**Problem description**
Go over the data below line by line, and state how many lines contain the string "image". Give the number only.

=== Given data ===

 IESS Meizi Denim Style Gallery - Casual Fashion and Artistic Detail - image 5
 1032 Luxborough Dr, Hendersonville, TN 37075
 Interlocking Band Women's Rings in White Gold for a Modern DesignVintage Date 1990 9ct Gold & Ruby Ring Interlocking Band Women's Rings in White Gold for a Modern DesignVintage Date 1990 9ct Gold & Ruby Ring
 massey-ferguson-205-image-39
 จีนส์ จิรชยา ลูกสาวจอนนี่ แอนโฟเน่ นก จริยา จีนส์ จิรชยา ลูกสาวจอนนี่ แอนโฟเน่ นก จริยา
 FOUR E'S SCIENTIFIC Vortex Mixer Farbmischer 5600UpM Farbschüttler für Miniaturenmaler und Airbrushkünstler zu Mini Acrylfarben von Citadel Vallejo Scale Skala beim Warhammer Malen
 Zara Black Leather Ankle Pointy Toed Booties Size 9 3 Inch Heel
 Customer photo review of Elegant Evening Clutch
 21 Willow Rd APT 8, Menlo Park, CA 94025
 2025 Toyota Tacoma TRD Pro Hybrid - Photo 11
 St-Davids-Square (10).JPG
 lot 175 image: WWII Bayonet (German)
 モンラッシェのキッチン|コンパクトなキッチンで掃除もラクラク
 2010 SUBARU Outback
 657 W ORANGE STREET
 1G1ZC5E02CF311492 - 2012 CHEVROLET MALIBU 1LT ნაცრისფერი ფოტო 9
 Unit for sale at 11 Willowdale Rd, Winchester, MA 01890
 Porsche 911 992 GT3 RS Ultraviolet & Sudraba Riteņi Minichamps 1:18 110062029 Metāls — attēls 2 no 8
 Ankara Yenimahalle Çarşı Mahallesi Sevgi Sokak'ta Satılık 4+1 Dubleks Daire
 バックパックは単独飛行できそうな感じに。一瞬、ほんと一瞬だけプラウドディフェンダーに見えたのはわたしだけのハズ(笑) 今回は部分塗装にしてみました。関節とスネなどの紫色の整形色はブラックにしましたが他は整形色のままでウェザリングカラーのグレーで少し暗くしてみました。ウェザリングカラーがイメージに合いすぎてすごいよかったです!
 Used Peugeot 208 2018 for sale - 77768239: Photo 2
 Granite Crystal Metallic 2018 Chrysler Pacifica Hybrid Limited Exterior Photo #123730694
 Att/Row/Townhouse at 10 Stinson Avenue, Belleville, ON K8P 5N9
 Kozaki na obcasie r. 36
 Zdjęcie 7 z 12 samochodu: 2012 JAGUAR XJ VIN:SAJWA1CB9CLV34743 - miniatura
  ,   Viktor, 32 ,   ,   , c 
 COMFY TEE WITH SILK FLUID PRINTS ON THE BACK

===

**Response**
3